EXERCISE OBJECTIVE: Write out the lines starting at the one that holds "Cache Knit Jacquard" and ending with the final line of the data, exactly and with no others.

INFORMATION SHOWN:
+---+
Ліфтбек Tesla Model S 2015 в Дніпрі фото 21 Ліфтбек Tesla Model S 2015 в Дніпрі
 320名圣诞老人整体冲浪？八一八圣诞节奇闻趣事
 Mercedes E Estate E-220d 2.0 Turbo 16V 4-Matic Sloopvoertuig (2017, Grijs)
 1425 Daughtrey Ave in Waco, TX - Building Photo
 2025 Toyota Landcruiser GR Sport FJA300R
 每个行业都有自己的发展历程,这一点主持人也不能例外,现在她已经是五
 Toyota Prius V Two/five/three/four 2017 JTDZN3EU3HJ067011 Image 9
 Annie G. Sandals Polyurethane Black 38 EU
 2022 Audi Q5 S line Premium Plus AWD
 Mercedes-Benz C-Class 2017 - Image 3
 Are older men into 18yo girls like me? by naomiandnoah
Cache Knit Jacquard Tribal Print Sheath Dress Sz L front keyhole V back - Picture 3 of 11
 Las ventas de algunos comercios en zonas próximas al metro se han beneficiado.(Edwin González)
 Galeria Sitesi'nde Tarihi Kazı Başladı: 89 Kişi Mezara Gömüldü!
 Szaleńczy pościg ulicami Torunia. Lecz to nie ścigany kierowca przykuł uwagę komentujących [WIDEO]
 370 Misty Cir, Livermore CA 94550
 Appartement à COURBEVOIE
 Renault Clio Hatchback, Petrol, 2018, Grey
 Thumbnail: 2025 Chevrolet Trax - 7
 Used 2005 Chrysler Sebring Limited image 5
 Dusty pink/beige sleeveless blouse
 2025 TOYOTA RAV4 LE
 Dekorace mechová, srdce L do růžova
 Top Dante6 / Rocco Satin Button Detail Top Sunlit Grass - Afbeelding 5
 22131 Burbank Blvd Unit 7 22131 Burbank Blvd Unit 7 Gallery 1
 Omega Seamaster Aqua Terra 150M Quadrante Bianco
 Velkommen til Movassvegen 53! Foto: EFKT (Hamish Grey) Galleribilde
+---+
RESPONSE TO THE TASK:
Cache Knit Jacquard Tribal Print Sheath Dress Sz L front keyhole V back - Picture 3 of 11
 Las ventas de algunos comercios en zonas próximas al metro se han beneficiado.(Edwin González)
 Galeria Sitesi'nde Tarihi Kazı Başladı: 89 Kişi Mezara Gömüldü!
 Szaleńczy pościg ulicami Torunia. Lecz to nie ścigany kierowca przykuł uwagę komentujących [WIDEO]
 370 Misty Cir, Livermore CA 94550
 Appartement à COURBEVOIE
 Renault Clio Hatchback, Petrol, 2018, Grey
 Thumbnail: 2025 Chevrolet Trax - 7
 Used 2005 Chrysler Sebring Limited image 5
 Dusty pink/beige sleeveless blouse
 2025 TOYOTA RAV4 LE
 Dekorace mechová, srdce L do růžova
 Top Dante6 / Rocco Satin Button Detail Top Sunlit Grass - Afbeelding 5
 22131 Burbank Blvd Unit 7 22131 Burbank Blvd Unit 7 Gallery 1
 Omega Seamaster Aqua Terra 150M Quadrante Bianco
 Velkommen til Movassvegen 53! Foto: EFKT (Hamish Grey) Galleribilde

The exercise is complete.